Premier Gold Mines (TSX: PG; US-OTC: PIRGF) is nearing producer status at the South Arturo mine in Nevada that it jointly owns with Barrick Gold (TSX: ABX; NYSE: ABX), and Ewan Downie, the junior’s president and CEO, forecasts the mine will produce 200,000 oz. gold next year, with Premier’s share at 80,000 oz.
The open-pit operation could generate US$85 million in free cash flow in 2016 at a US$1,200 per oz. gold price, and Downie forecasts cash costs of US$400 per oz. and all-in costs of US$730 per oz.
Most of the ore from South Arturo will be processed at Barrick’s Goldstrike facility 8 km away, so Premier doesn’t need to build a mill or a tailings site, Downie says, noting that the company shares none of the risks associated with operating the mine.
Premier acquired a 40% stake in the project from Goldcorp (TSX: G; NYSE: GG) for US$20 million in cash. Barrick owns the remaining 60% and is the operator. (Under the deal with Goldcorp in May, in addition to the sticker price, Premier transferred another 5% interest to Goldcorp in their Rahill-Bonanza joint-venture in Red Lake. Now Goldcorp owns 56% of that project and Premier holds 44%.)
“South Arturo wasn’t exactly a huge mine in Nevada and it was noncore to Goldcorp, and we had something of interest to them — the additional 5% of Red Lake — so it was an opportunity where they could increase their ownership and land package in a core area for them, and we got something that really helps us to move our company forward sooner than we would have done without the asset,” Downie says in an interview with The Northern Miner.
The mining executive adds that it’s rare a junior can land such prime real estate in Nevada. “Getting a piece of ground like South Arturo, which is right downtown Carlin, is unique,” he says. “A lot of juniors who are exploring in what’s called the Carlin or Battle Mountain trends are typically on the fringes of the main trends, and the Newmonts and the Barricks have over the years really consolidated most of the best ground, so the only opportunity to park right in here comes from a deal like this, where you’re partners with one of the majors.”
Downie notes that at US$20 million, Premier “wasn’t betting the farm” on South Arturo, and that the company sees a lot of upside on the property in terms of underground potential, in addition to the three more or less adjoining open pits.

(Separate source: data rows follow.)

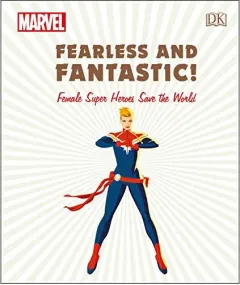 Coperta cărții Marvel Fearless and Fantastic! Female Super Heroes Save the World
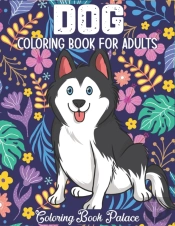 Dog Coloring Book For Adults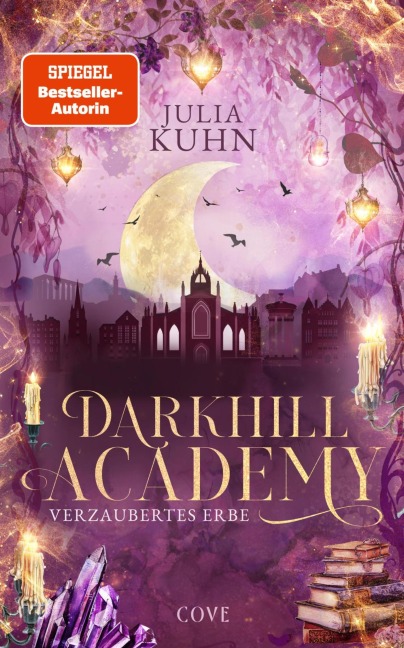 Darkhill Academy 2: Verzaubertes Erbe - Julia Kuhn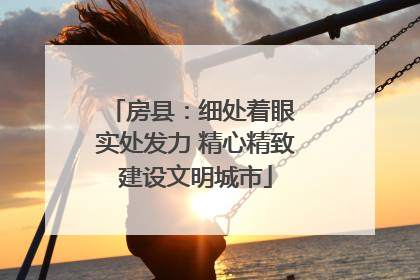 房县：细处着眼 实处发力 精心精致建设文明城市
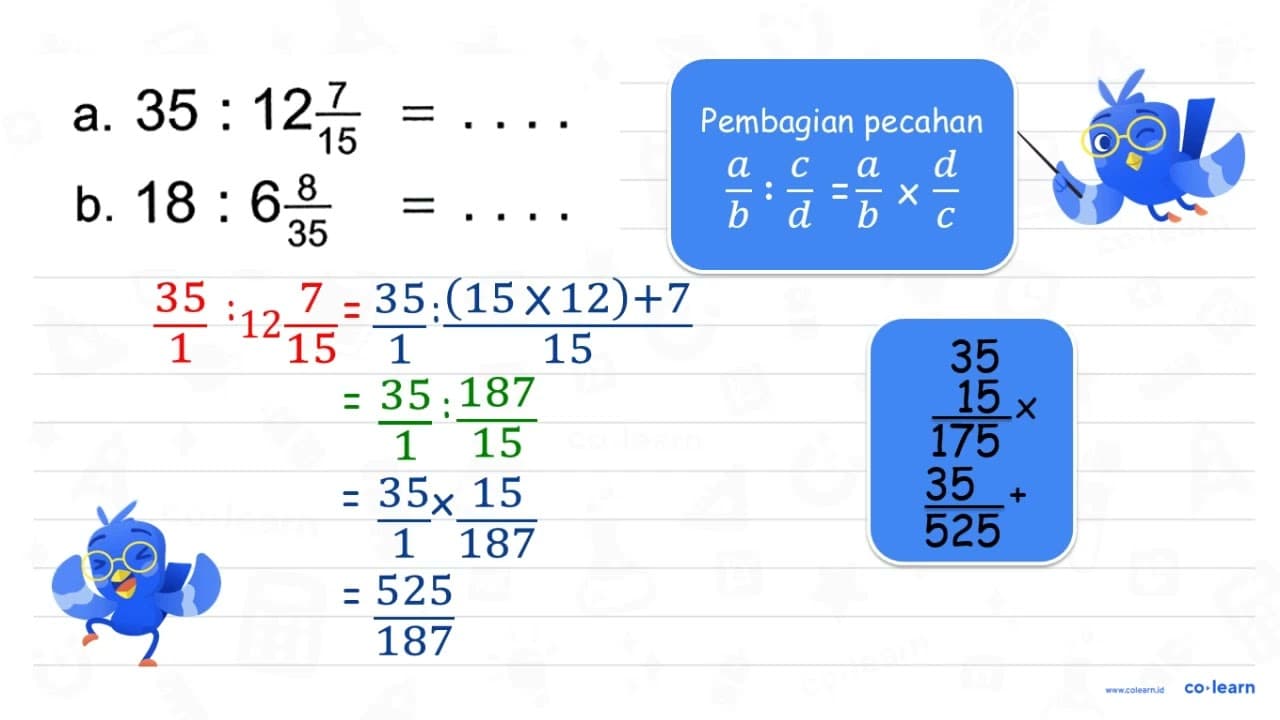 a. 35 : 12 7/15=... b. 18 : 6 8/35=...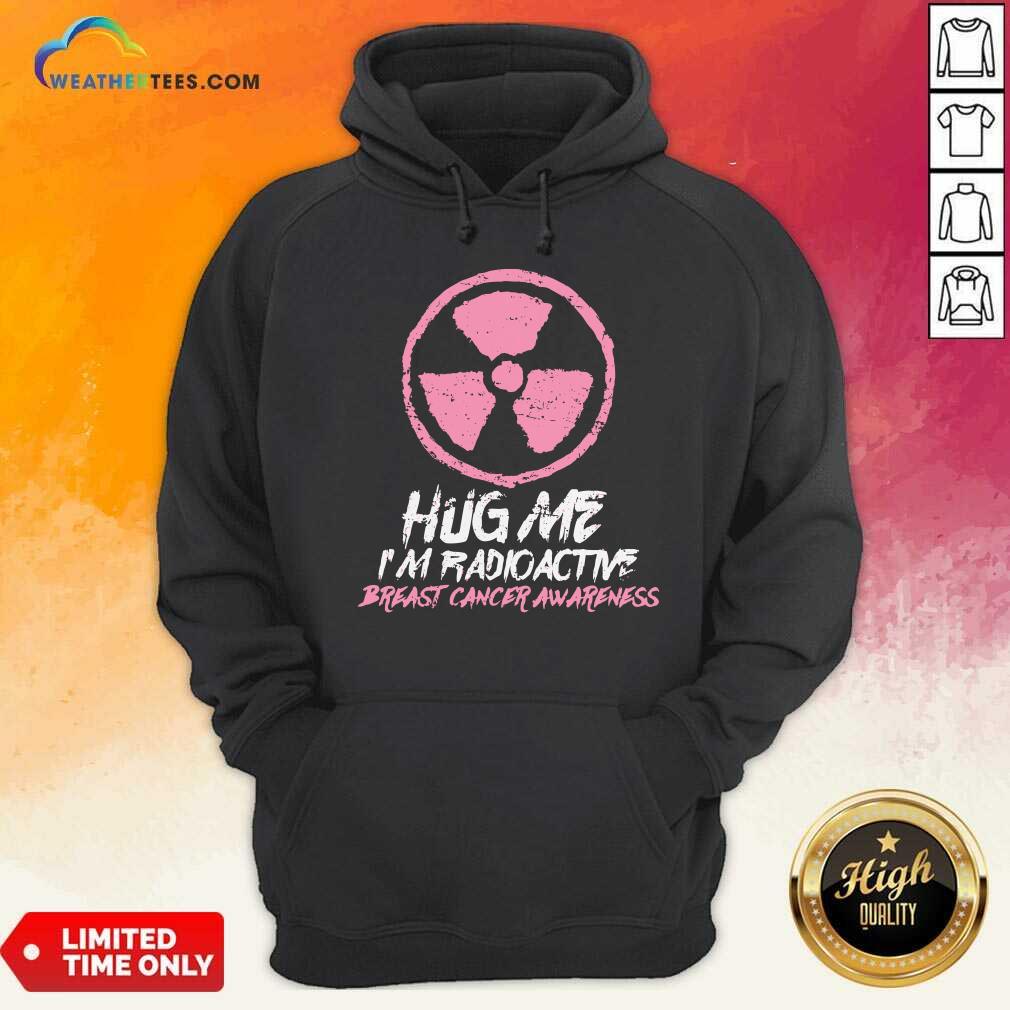 Pretty Hug Me I’m Radioactive Breast Cancer Awareness Pink Shirt - Image 5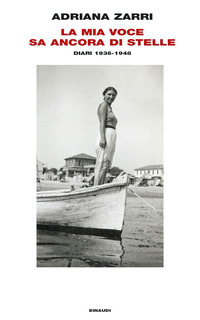 MIA VOCE SA ANCORA DI STELLE - DIARI 1936 - 1948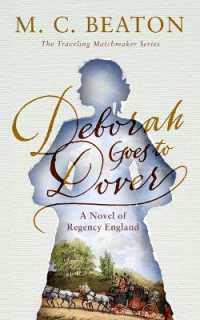 Deborah Goes to Dover : A Novel of Regency England (Traveling Matchmaker)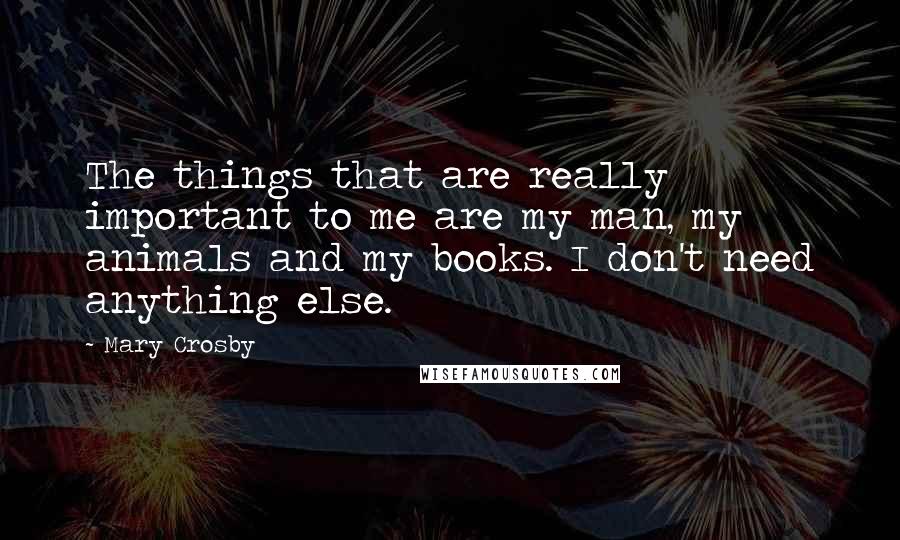 Mary Crosby Quotes: The things that are really important to me are my man, my animals and my books. I don't need anything else.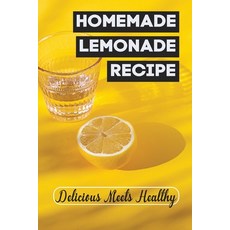 (영문도서) Homemade Lemonade Recipe: Delicious Meets Healthy: Pink Lemonade Recipe Paperback, Independently Published, English, 9798471752214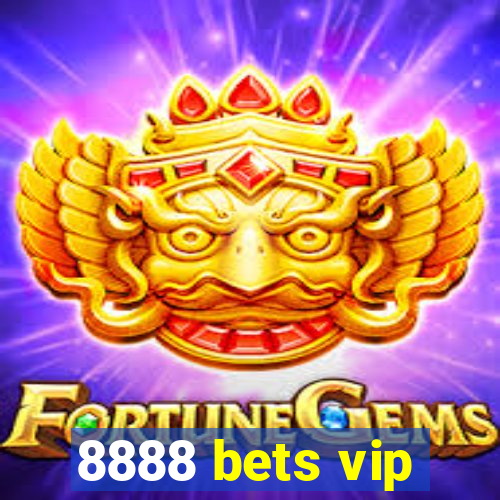 8888 bets vip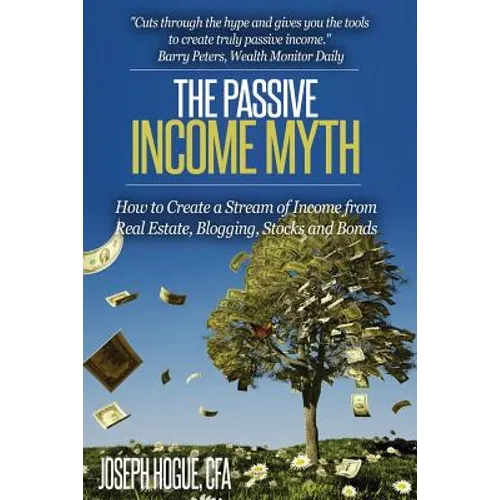 The Passive Income Myth: How to Create a Stream of Income from Real Estate, Blogging, Stocks and Bonds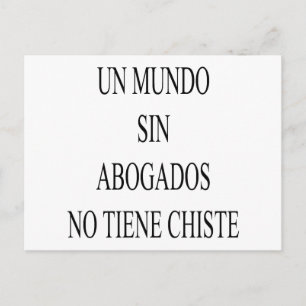 Un Mundo Sin Abogados No Tiene Chiste Postcard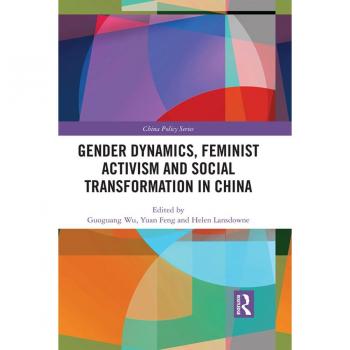 Gender Dynamics Feminist Activism and Social Transformation in China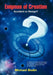 Enigmas of Creation: Accident or Design? by Michael Bodin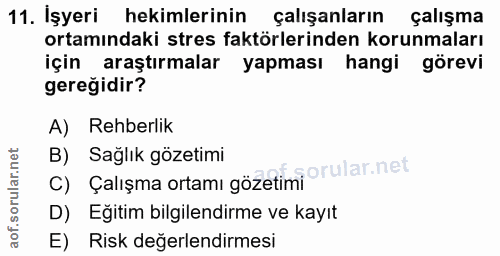 11. soru: İşyeri hekimlerinin çalışanların çalışma ortamındaki stres faktörlerinden korunmaları için araştırmalar yapması hangi…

The first open pit (called phase two) — which is scheduled to start production next year — will operate in 2016 (200,000 oz.) and 2017 (200,000 oz.), at which point it will be depleted of ore, Downie says. But the deposit continues down the anticline to depth and has high grades below the pit. “There are opportunities to put a ramp in the pit and continue mining at depth, and that would involve one to two years of hiatus of mining that zone, as underground infrastructure is put in place.”
An underground operation beyond the phase-two open pit would not likely start until 2019, as it would take a couple of years to get permitted and lay down infrastructure for underground mining, he says. At that point, the joint-venture partners would contemplate mining the phase-one and phase-three open pits, which are in the late stages of permitting.
“Phases one and three would include a heap-leach operation, so we’d have to build a heap-leach facility right there on-site, and then mine those open pits,” Downie explains. “Over the next year or two we’ll be doing economics on that, and fine-tuning, and hopefully the gold price will go up. We look forward to the opportunity to push the mine life out many years from both open-pit and underground mining on the property.”
Downie also emphasizes that Premier was in a fortunate position to jump on the South Arturo acquisition, because of its joint-venture agreement in February with Centerra Gold (TSX: CG; US-OTC: CAGDF) on Premier’s Trans-Canada property in Ontario’s Geraldton-Beardmore greenstone belt. Under the deal Centerra paid Premier an initial $85-million cash for its 50% limited partner interest in Trans-Canada, which includes Premier’s Hardrock deposit.
The transaction “put Premier in the pretty unique situation of being cash-rich … and there are certainly a lot of opportunities, so we are in the financial position that if we wanted to acquire something, we could,” he says.
Premier expects to end the year with $75 million in cash and investments, and wrap up 2016 with $100 million, it announced as part of its guidance on July 28.
At press time, Premier’s shares traded at $1.99 within a 52-week range of $1.61 to $3.10.
Joseph Fazzini of Dundee Capital Markets has a $3-per-share price target on the stock, while Jeff Killeen of CIBC a $3.50-per-share target price.